The arguments and emotions that come up during a child custody dispute are enough to deal with. Nevertheless, you will also need to understand various legal concepts if you're facing a situation like this.
At the most basic level, you'll need to familiarize yourself with the different types of child custody. There are two primary kinds of child custody: (1) Physical custody and (2) legal custody.
Physical custody refers to the parent with whom the children live. These days parents often share physical custody in a joint, 50-50 parenting plan. With joint physical custody, the child will divide his or her time between two different homes.
Family psychologists generally agree that joint physical custody benefits the children because they'll be able to spend the maximum amount of time with both parents equally. That said, joint physical custody will not work for all families, especially when the parents live far apart or if the parents get into frequent arguments and cannot come to agreement regarding joint parenting decisions.
In many cases, one parent (the custodial parent) will have full physical custody and the other parent (the noncustodial parent) will have visitation rights. This parent might have the children with him or her one or two days a week, or one or two days every other week.

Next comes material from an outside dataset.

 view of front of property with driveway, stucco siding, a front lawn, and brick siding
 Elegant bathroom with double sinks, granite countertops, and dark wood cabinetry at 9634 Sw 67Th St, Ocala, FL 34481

Legal custody refers to the power of a parent to make decisions regarding the child's life, education, health care, extracurricular activities and other aspects of life. In most cases, the parents will share legal custody – even if only one parent has full physical custody. This means that the parent who has visitation rights must be consulted regarding important decisions pertaining to his or her child.
Ultimately, there are many ways that parents can organize physical child custody and visitation time. Therefore, it's important to analyze your options and common strategies for managing custody before you settle on a plan that suits your and your family's needs.
Are your child custody rights in jeopardy?
In a heated child custody dispute, it's possible that a parent will not receive the end-result that he or she desires. Therefore, if your child custody rights are in jeopardy for any reason, make sure you fully understand where you stand in the eyes of the law, and present your case in a strategic and well-organized fashion.